Reproduce word for word the lines between those holding "Zemljotres pogodio BiH: Rano" and "Traditional British Telephone", inclusive, and nothing else from the data below.

## THE DATA
=== Section Start ===
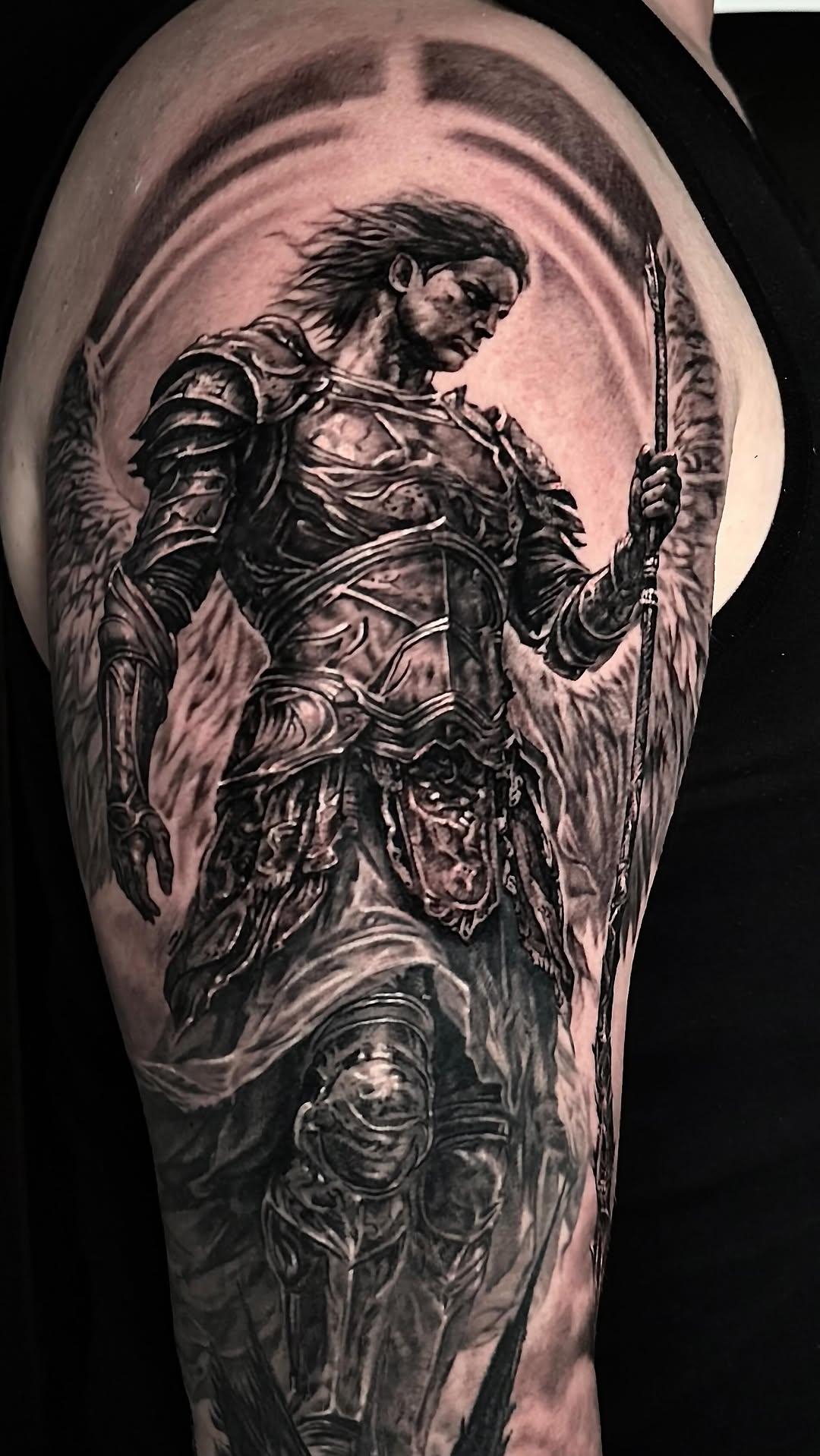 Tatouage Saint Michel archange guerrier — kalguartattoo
=== Section End ===
=== Section Start ===
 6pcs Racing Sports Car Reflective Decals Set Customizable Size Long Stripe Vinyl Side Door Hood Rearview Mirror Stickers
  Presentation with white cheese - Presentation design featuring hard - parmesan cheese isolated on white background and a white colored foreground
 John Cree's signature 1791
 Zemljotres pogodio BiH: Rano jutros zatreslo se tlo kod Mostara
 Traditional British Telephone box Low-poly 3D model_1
=== Section End ===
## EXERCISE SOLUTION
 Zemljotres pogodio BiH: Rano jutros zatreslo se tlo kod Mostara
 Traditional British Telephone box Low-poly 3D model_1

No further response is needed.